* THE TASK: In the records below, find the line with "Gani LED Large - Blue", then retype it and every following line exactly, stopping after the line with "エルピー(LP)&nbsp;艶カラー". Leave the pictures out.

* DATA SECTION:

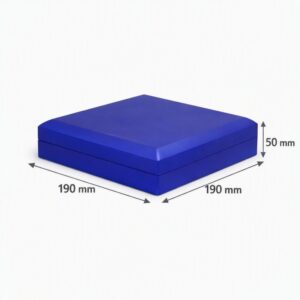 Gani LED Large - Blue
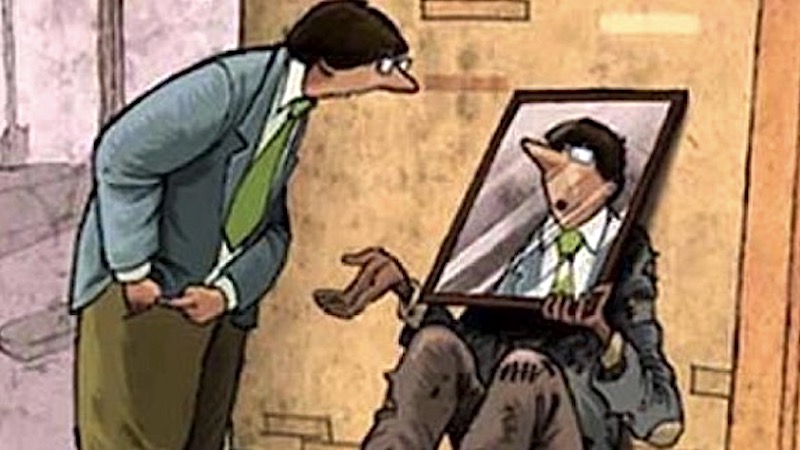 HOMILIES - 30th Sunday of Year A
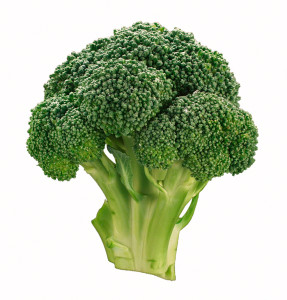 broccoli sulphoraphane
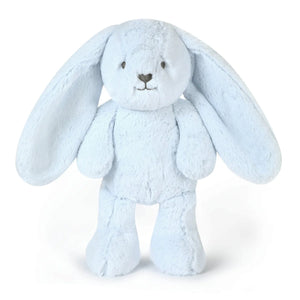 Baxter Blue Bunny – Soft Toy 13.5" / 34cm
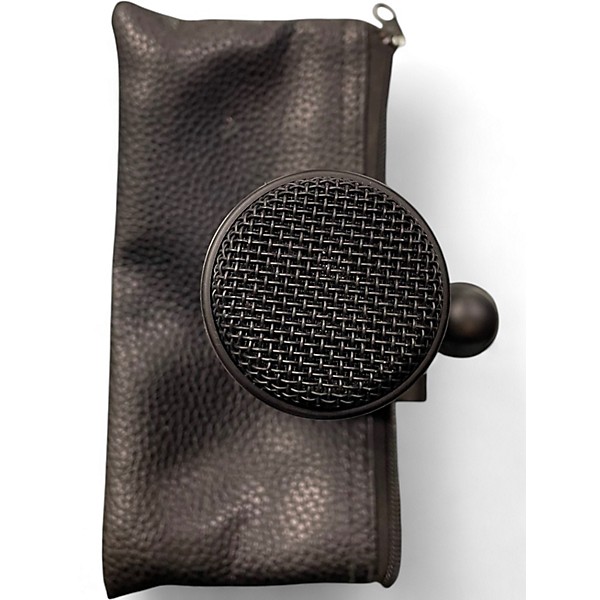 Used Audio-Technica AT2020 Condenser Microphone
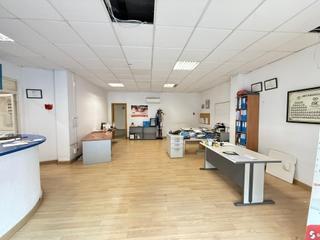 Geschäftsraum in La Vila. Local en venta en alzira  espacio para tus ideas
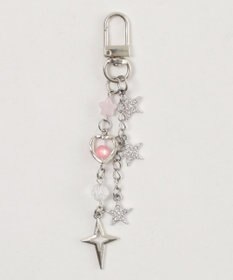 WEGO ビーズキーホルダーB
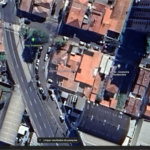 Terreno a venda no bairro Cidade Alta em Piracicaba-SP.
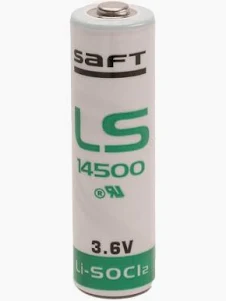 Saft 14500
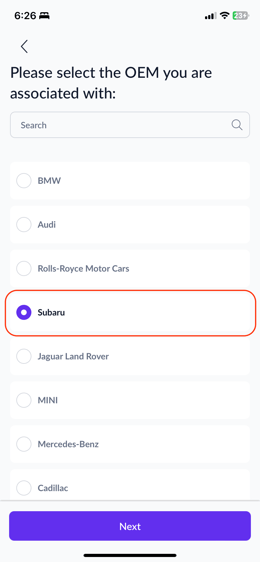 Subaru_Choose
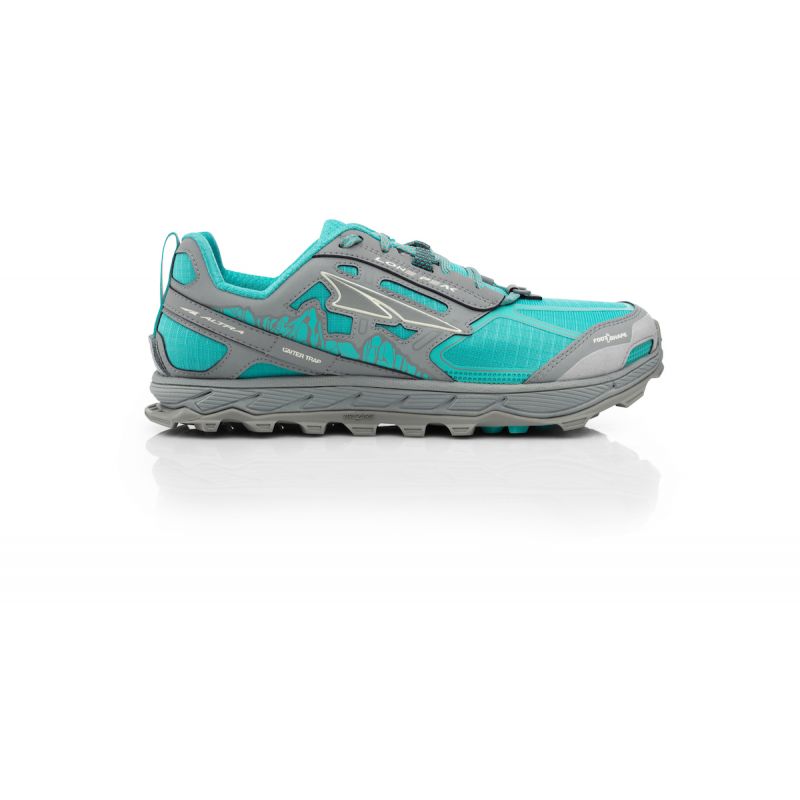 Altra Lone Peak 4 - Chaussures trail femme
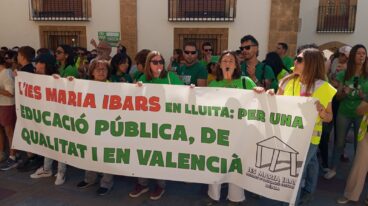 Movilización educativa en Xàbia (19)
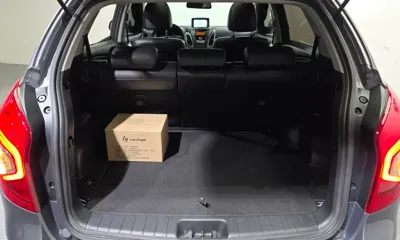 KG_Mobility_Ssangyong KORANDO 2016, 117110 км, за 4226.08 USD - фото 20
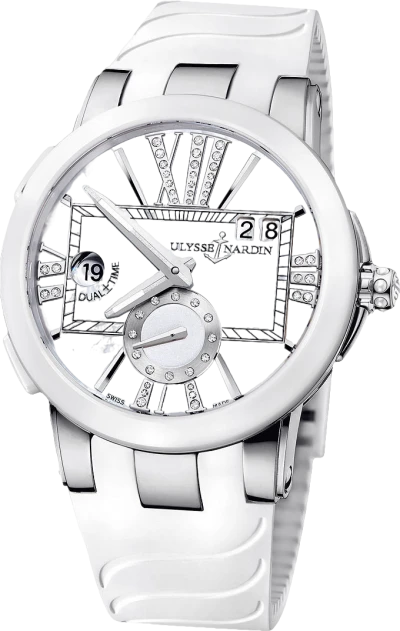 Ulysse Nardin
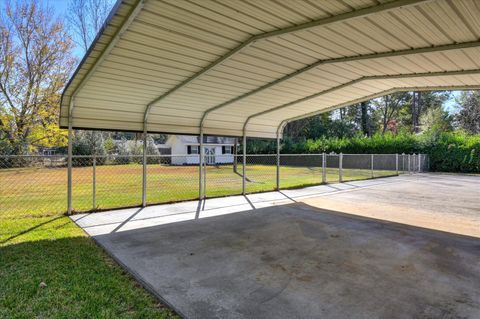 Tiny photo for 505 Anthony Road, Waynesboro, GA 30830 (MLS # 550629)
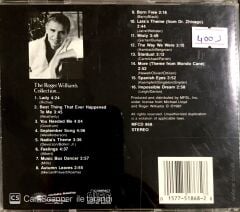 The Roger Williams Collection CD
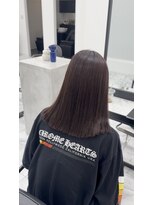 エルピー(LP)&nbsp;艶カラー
--
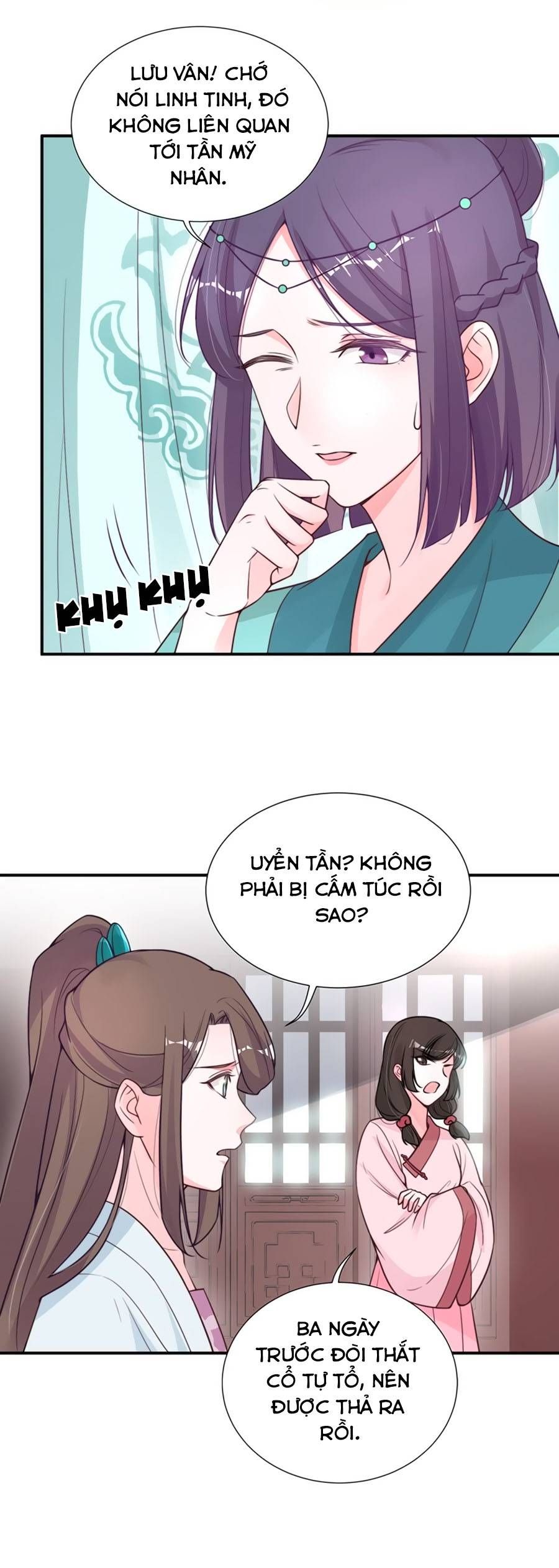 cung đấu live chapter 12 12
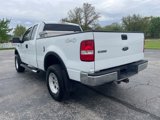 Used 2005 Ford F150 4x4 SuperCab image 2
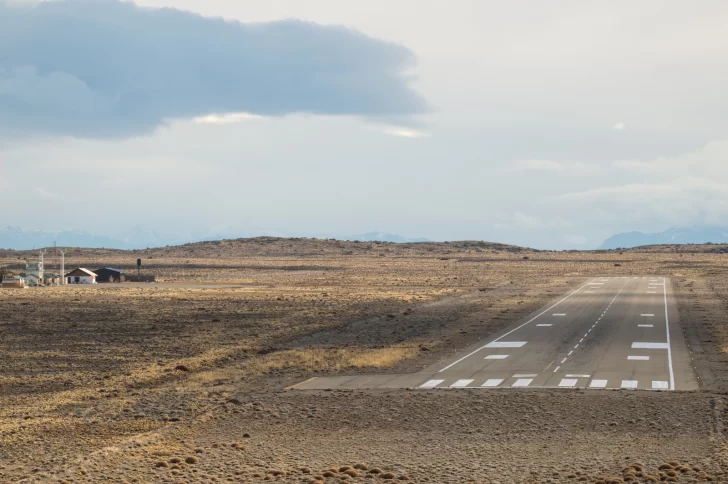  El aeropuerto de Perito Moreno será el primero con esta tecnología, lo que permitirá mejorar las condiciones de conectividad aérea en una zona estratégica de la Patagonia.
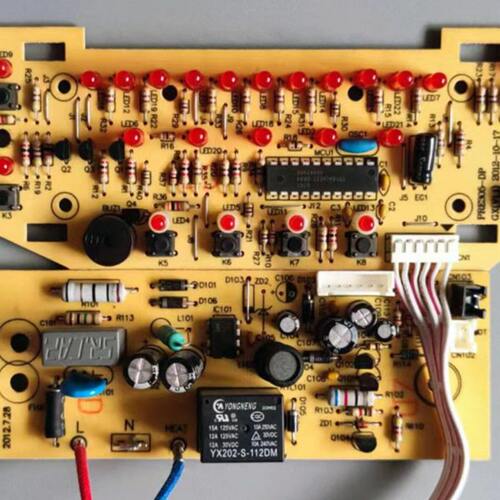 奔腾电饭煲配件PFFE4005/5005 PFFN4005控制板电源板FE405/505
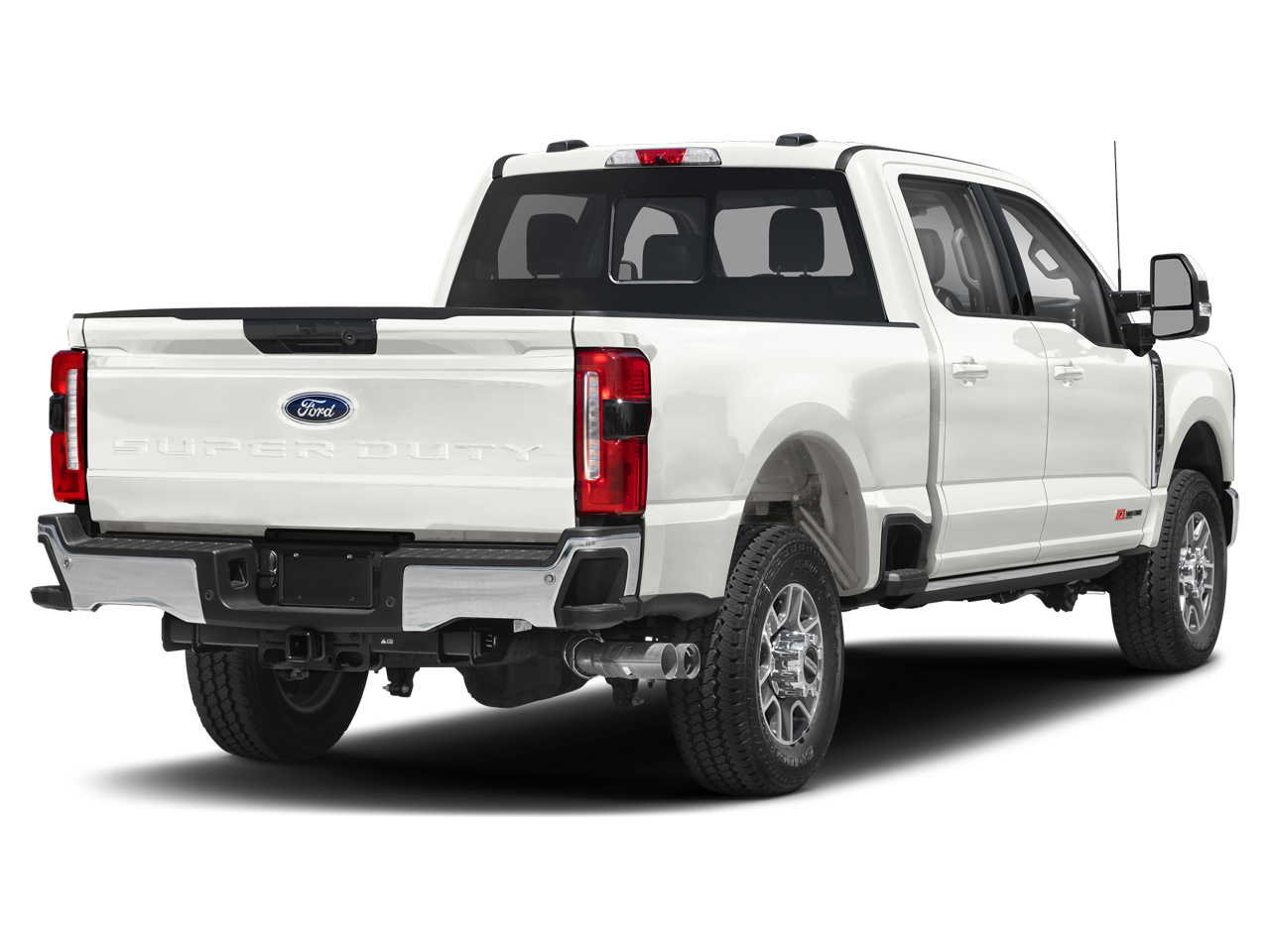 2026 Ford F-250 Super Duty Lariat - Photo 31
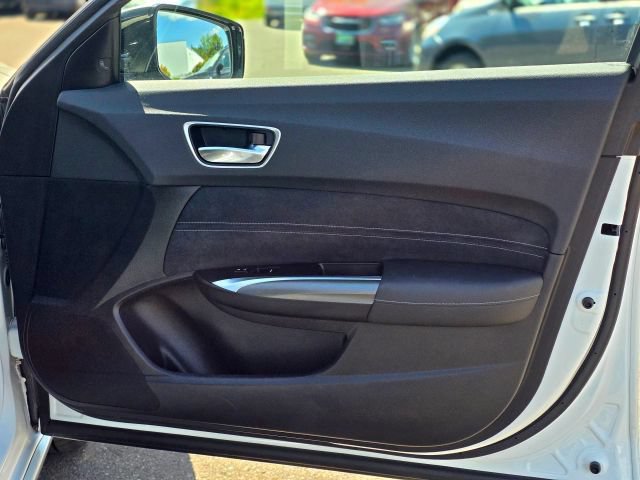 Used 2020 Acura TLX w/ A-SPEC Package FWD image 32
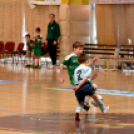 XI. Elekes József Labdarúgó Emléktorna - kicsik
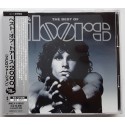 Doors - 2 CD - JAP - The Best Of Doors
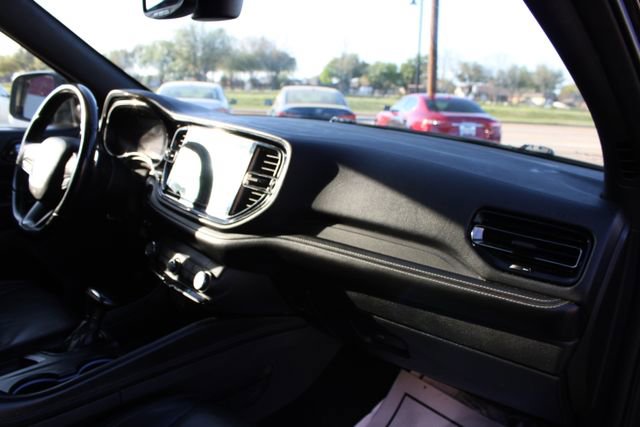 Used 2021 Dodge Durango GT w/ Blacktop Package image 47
==
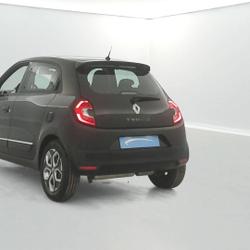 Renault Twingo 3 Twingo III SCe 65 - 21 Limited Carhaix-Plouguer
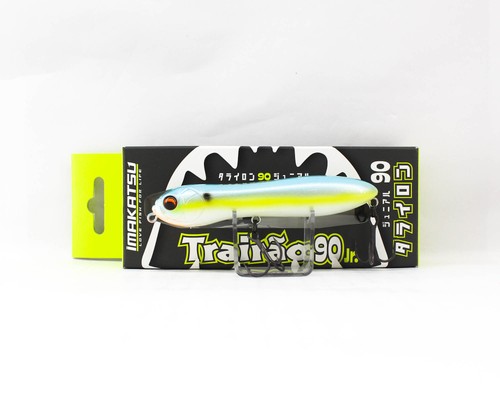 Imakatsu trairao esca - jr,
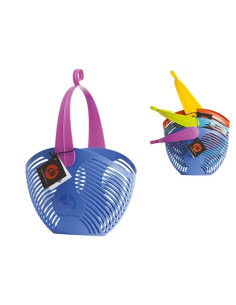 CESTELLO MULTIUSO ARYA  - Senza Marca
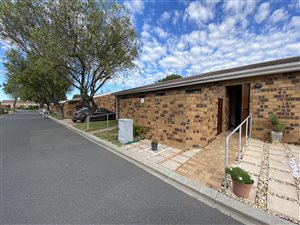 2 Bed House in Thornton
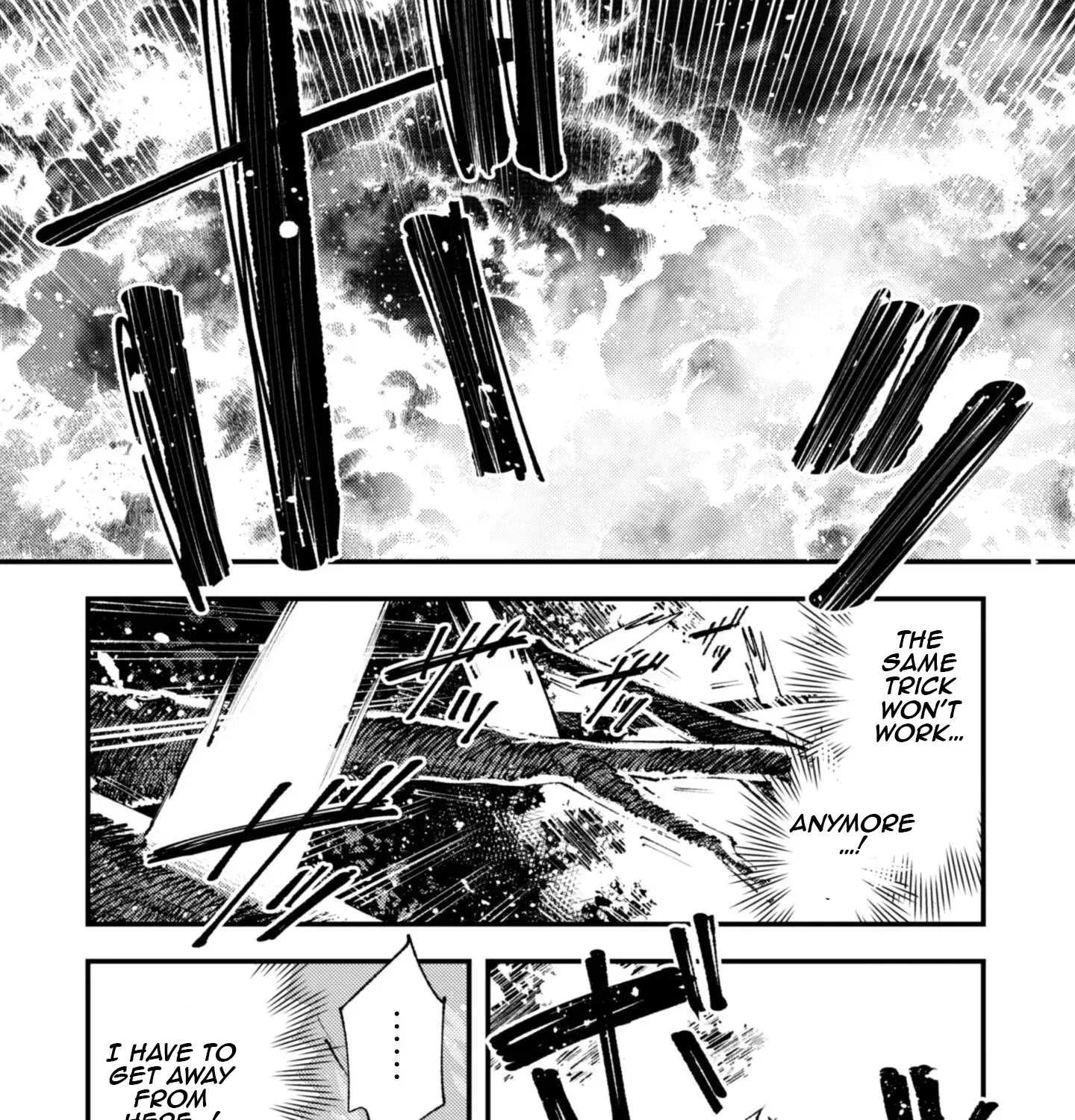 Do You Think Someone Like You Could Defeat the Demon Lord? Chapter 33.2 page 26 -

* SOLUTION TO THE PROBLEM:
 Gani LED Large - Blue
 HOMILIES - 30th Sunday of Year A
 broccoli sulphoraphane
 Baxter Blue Bunny – Soft Toy 13.5" / 34cm
 Used Audio-Technica AT2020 Condenser Microphone
 Geschäftsraum in La Vila. Local en venta en alzira  espacio para tus ideas
 WEGO ビーズキーホルダーB
 Terreno a venda no bairro Cidade Alta em Piracicaba-SP.
 Saft 14500
 Subaru_Choose
 Altra Lone Peak 4 - Chaussures trail femme
 Movilización educativa en Xàbia (19)
 KG_Mobility_Ssangyong KORANDO 2016, 117110 км, за 4226.08 USD - фото 20
 Ulysse Nardin
 Tiny photo for 505 Anthony Road, Waynesboro, GA 30830 (MLS # 550629)
 The Roger Williams Collection CD
 エルピー(LP)&nbsp;艶カラー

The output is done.